== EXERCISE DETAILS ==
Every entry below should be transcribed exactly; pictures stay out of the copy.

== SOURCE INFORMATION ==
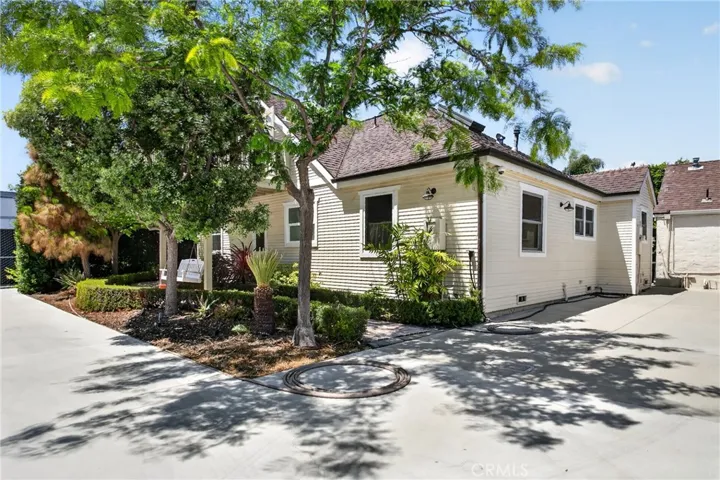 17066 Palmdale, Huntington Beach, California 92647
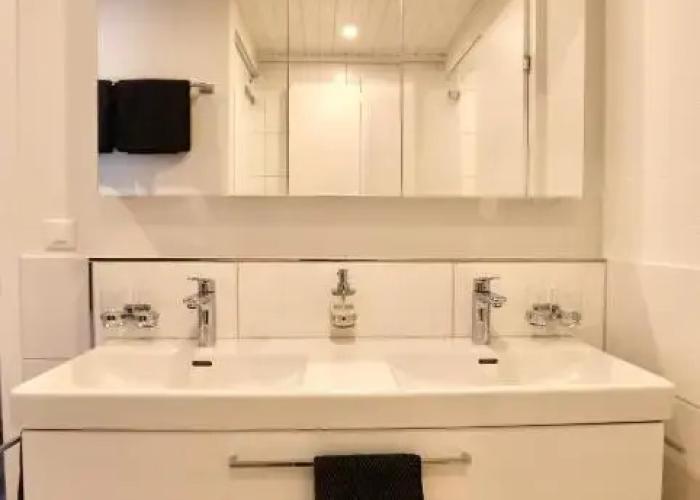 ALP APARTMENTS with self check-in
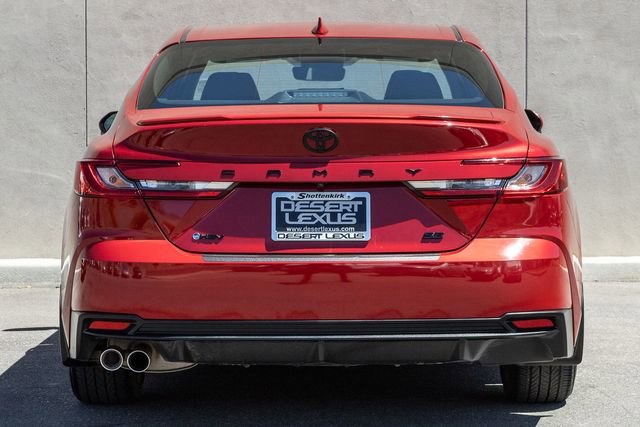 Used 2025 Toyota Camry SE w/ Convenience Package image 4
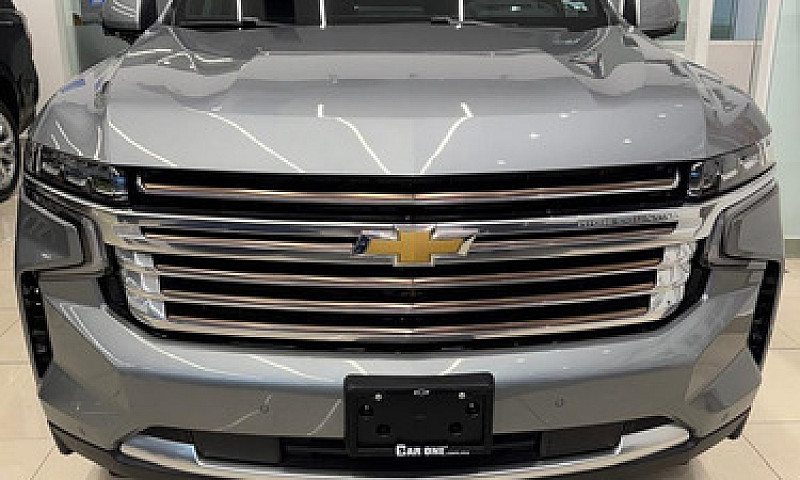 Chevrolet Suburban 6...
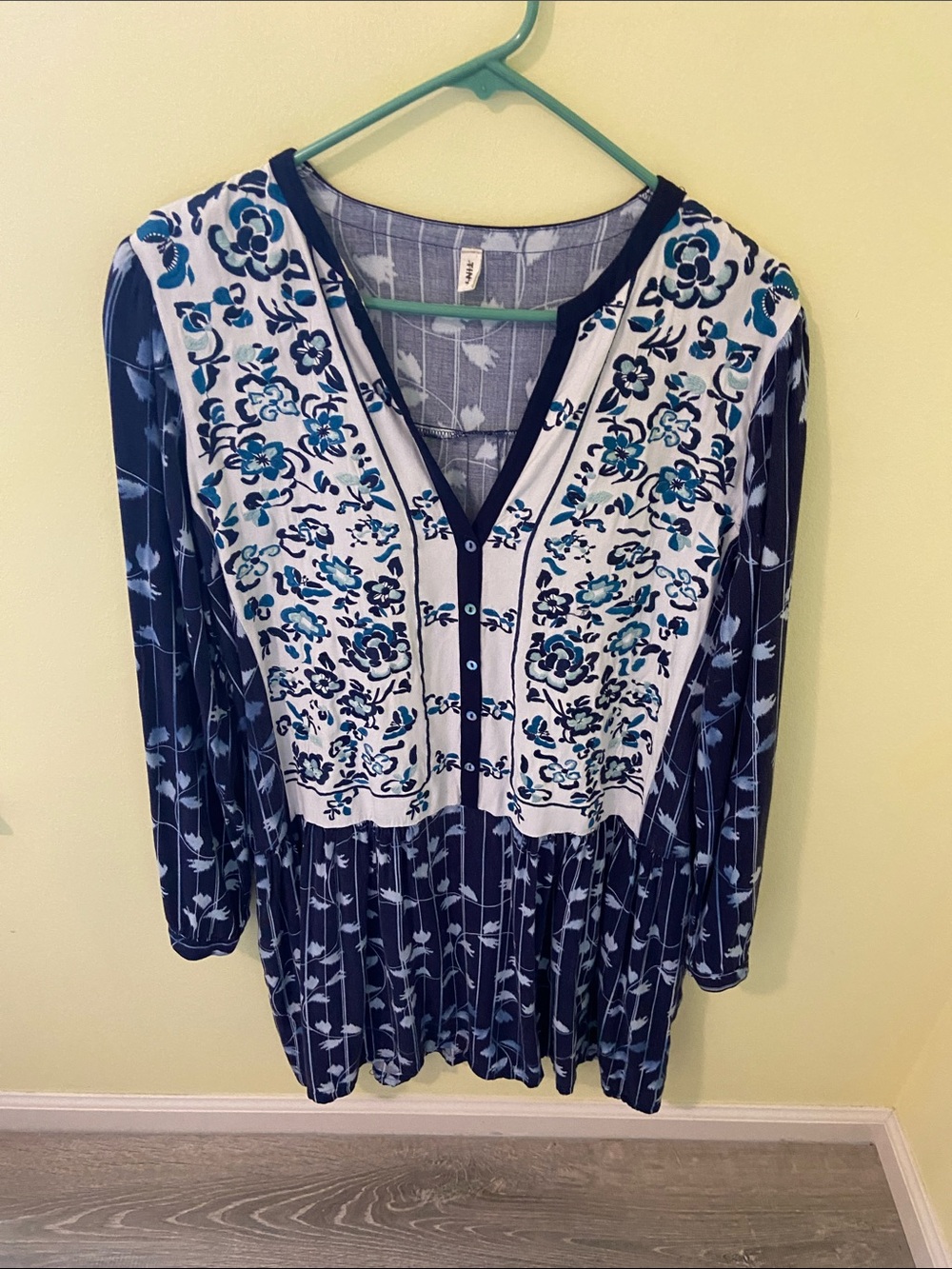 Anthropologie TINY Floral V‑Neck Mini Dress
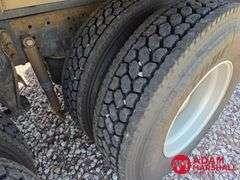 1993  International  Eagle 9300  Straight Truck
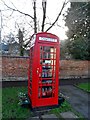 Telephone box used as a book exchange, Gawcott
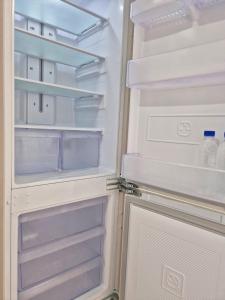 Ένα μπάνιο στο Rest, Sofa Bed City View Bidet Water Purifier in the heart of Seoul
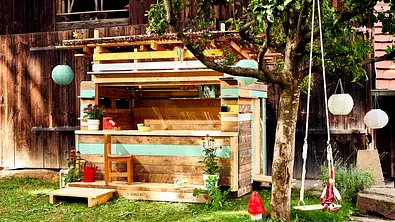 Paletten-Spielhaus für Kinder - Foto: Hersteller / Bosch Home & Garden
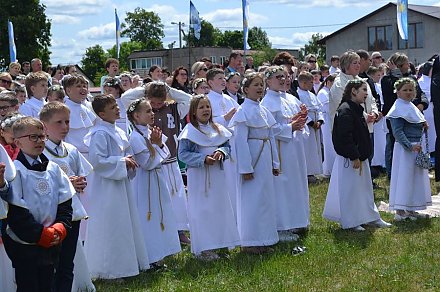 У санктуарыі Каралевы нашых сем'яў у Тракелях адбылося свята для дзяцей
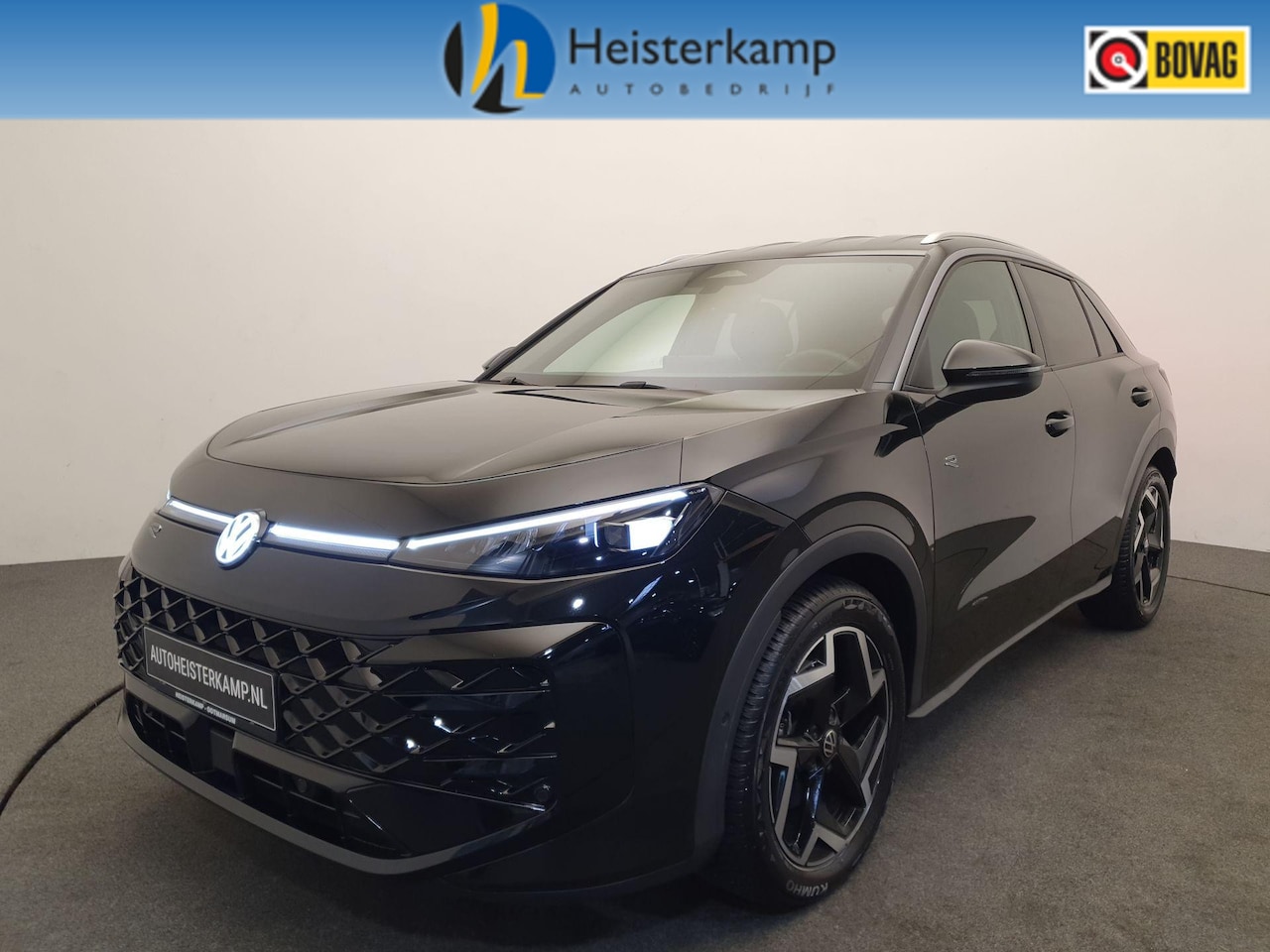 Volkswagen T-Roc - 1.5 eTSI 150pk DSG/AUT R-Line Wegklapbare trekhaak, Camera - AutoWereld.nl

== EXERCISE RESPONSE ==
 17066 Palmdale, Huntington Beach, California 92647
 ALP APARTMENTS with self check-in
 Used 2025 Toyota Camry SE w/ Convenience Package image 4
 Chevrolet Suburban 6...
 Anthropologie TINY Floral V‑Neck Mini Dress
 1993  International  Eagle 9300  Straight Truck
 Telephone box used as a book exchange, Gawcott
 Ένα μπάνιο στο Rest, Sofa Bed City View Bidet Water Purifier in the heart of Seoul
 Paletten-Spielhaus für Kinder - Foto: Hersteller / Bosch Home & Garden
 У санктуарыі Каралевы нашых сем'яў у Тракелях адбылося свята для дзяцей
 Volkswagen T-Roc - 1.5 eTSI 150pk DSG/AUT R-Line Wegklapbare trekhaak, Camera - AutoWereld.nl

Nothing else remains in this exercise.